→ **Try it**: An exact copy of the records is required, minus the pictures they hold.

→ **Data to use**:
++++++
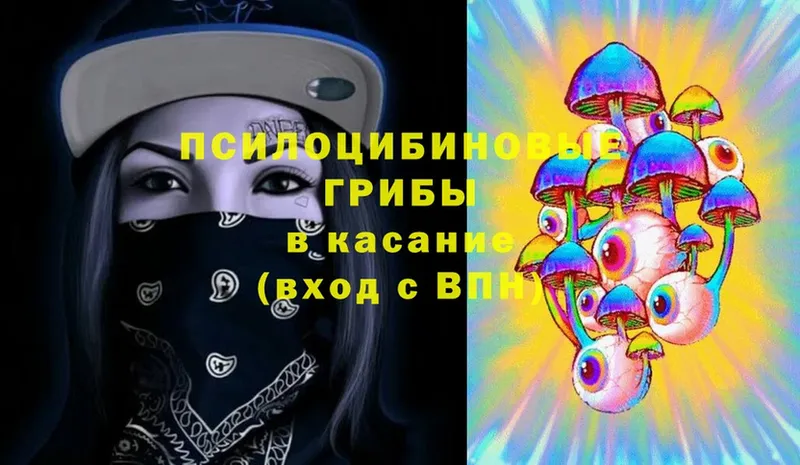 Галлюциногенные грибы Magic Shrooms  купить наркоту  Камбарка 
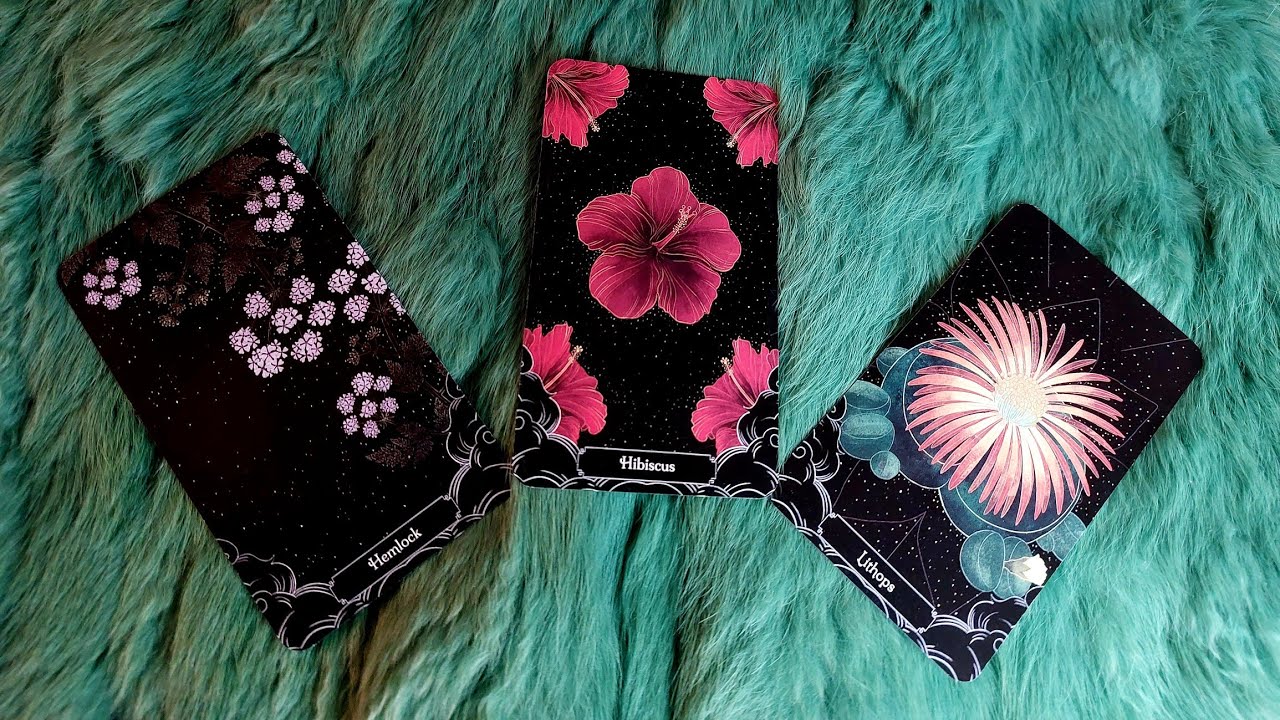 ĐIỀU GÌ ĐANG ÂM THẦM DIỄN RA MÀ BẠN CHƯA BIẾT ? @EvelynTarot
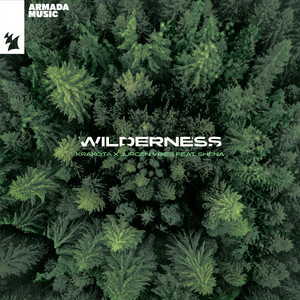 artist cover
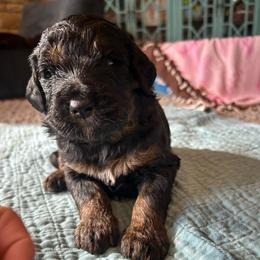 Boy 2 - Tri-color male Bernedoodle puppy in Newkirk, Oklahoma from Dirty Dogs Doodles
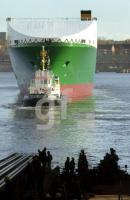 DM08_FSGGruen4_0133.jpg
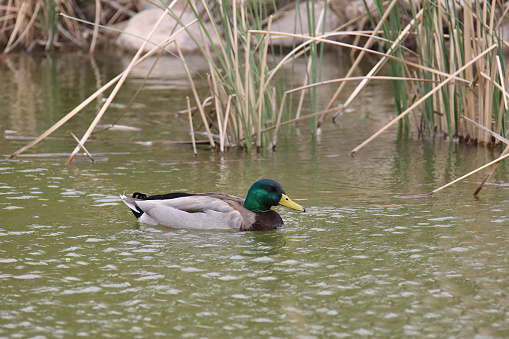 Mallard Duck (male) (anas platyrhynchos) swimming in a grassy pond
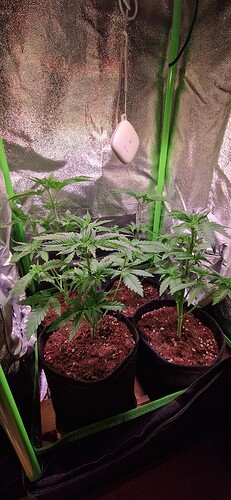 Growreport Bild 10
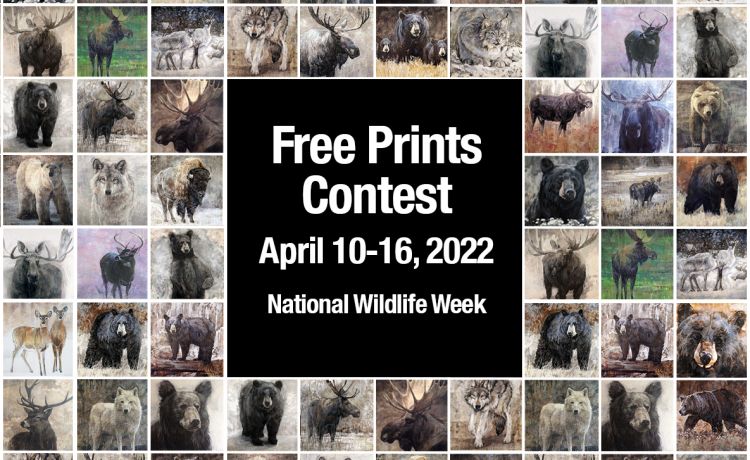 Contest for Free Wildlife Prints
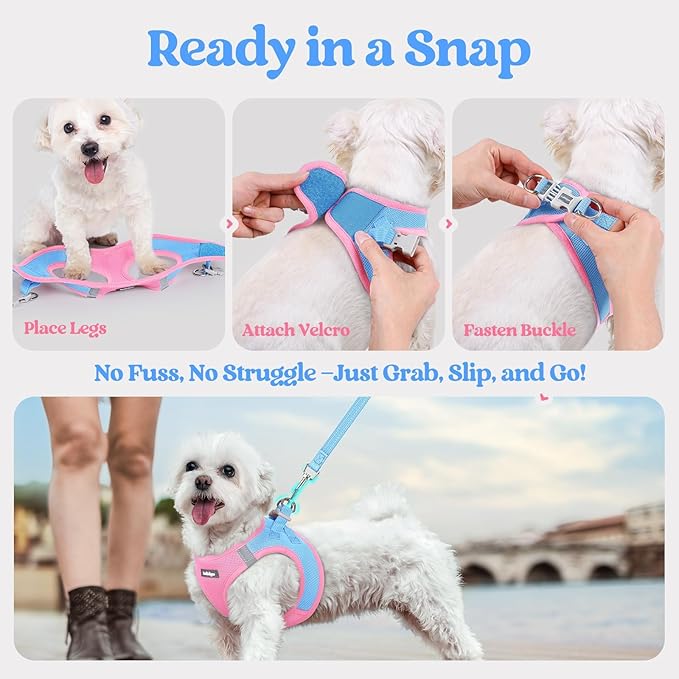 rabbitgoo Dog Harness Small Medium Sized and Leash Set, Step in Soft Light Puppy Vest, Breathable Mesh Pet Harness, Reflective for Safe Easy Walking, Blue & Light Pink XL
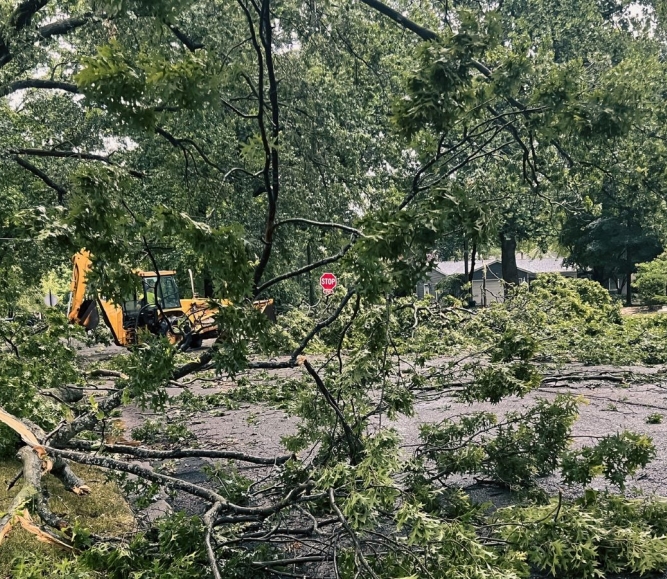 Downed trees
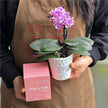 Plant # Mini Phalaenopsis Plant Gift Bundle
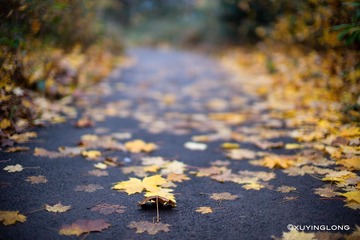 L1003076 副本.jpg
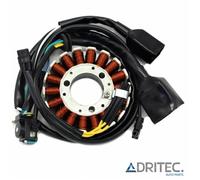 Alternatore Statore KAWASAKI KLX250 S (2009-2014)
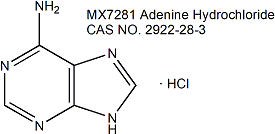Adenine hydrochloride 腺嘌呤盐酸盐（6-氨基嘌呤盐酸盐）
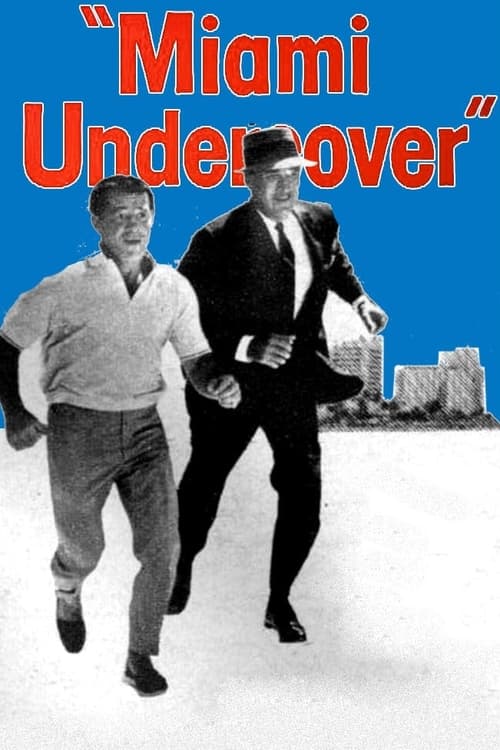 Poster da série Miami Undercover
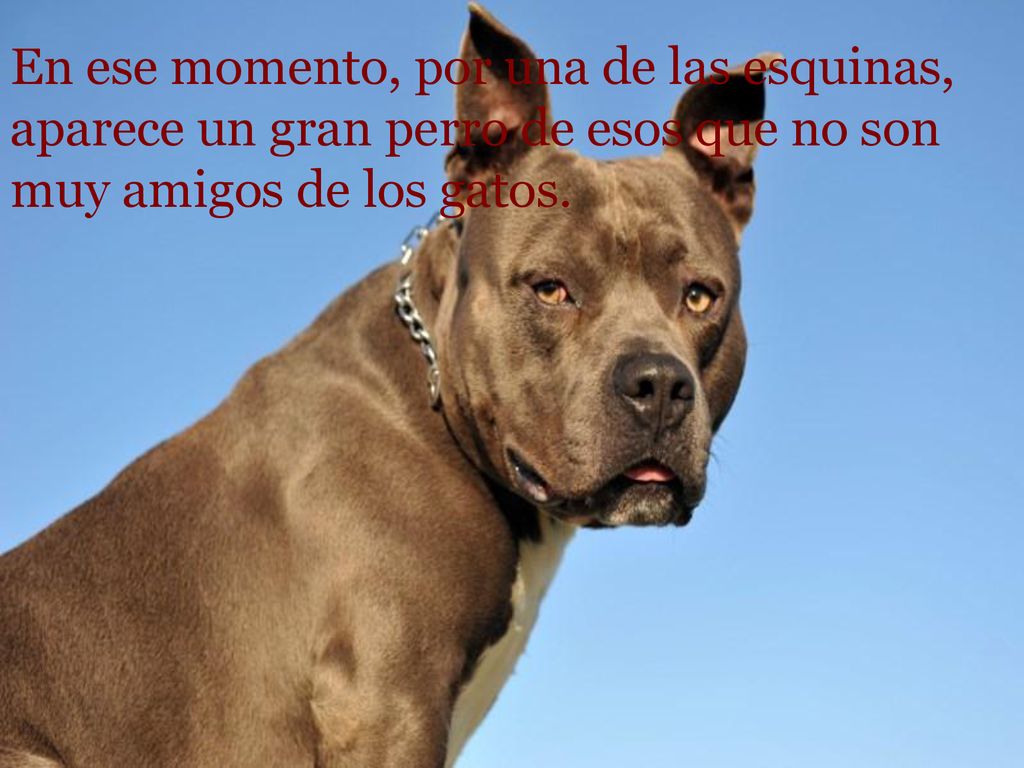 En ese momento, por una de las esquinas, aparece un gran perro de esos que no son muy amigos de los gatos.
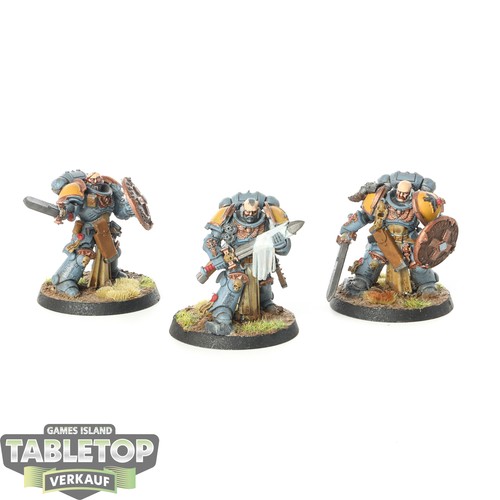 Space wolves 3x bladeguard - wolves,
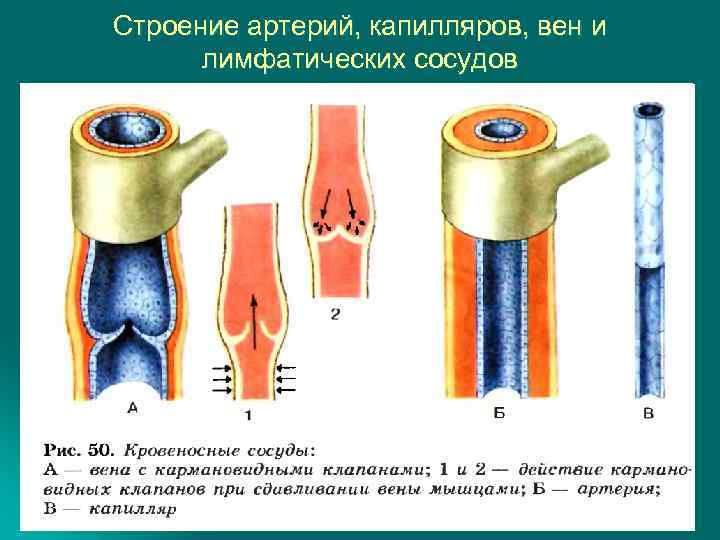 Строение артерий, капилляров, вен и лимфатических сосудов 
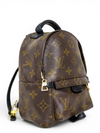 Morral "Monogram Mini Palm Springs"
++++++
→ **Result**:
 Галлюциногенные грибы Magic Shrooms  купить наркоту  Камбарка 
 ĐIỀU GÌ ĐANG ÂM THẦM DIỄN RA MÀ BẠN CHƯA BIẾT ? @EvelynTarot
 artist cover
 Boy 2 - Tri-color male Bernedoodle puppy in Newkirk, Oklahoma from Dirty Dogs Doodles
 DM08_FSGGruen4_0133.jpg
 Mallard Duck (male) (anas platyrhynchos) swimming in a grassy pond
 Growreport Bild 10
 Contest for Free Wildlife Prints
 rabbitgoo Dog Harness Small Medium Sized and Leash Set, Step in Soft Light Puppy Vest, Breathable Mesh Pet Harness, Reflective for Safe Easy Walking, Blue & Light Pink XL
 Downed trees
 Plant # Mini Phalaenopsis Plant Gift Bundle
 L1003076 副本.jpg
 Alternatore Statore KAWASAKI KLX250 S (2009-2014)
Adenine hydrochloride 腺嘌呤盐酸盐（6-氨基嘌呤盐酸盐）
 Poster da série Miami Undercover
 En ese momento, por una de las esquinas, aparece un gran perro de esos que no son muy amigos de los gatos.
 Space wolves 3x bladeguard - wolves,
 Строение артерий, капилляров, вен и лимфатических сосудов 
 Morral "Monogram Mini Palm Springs"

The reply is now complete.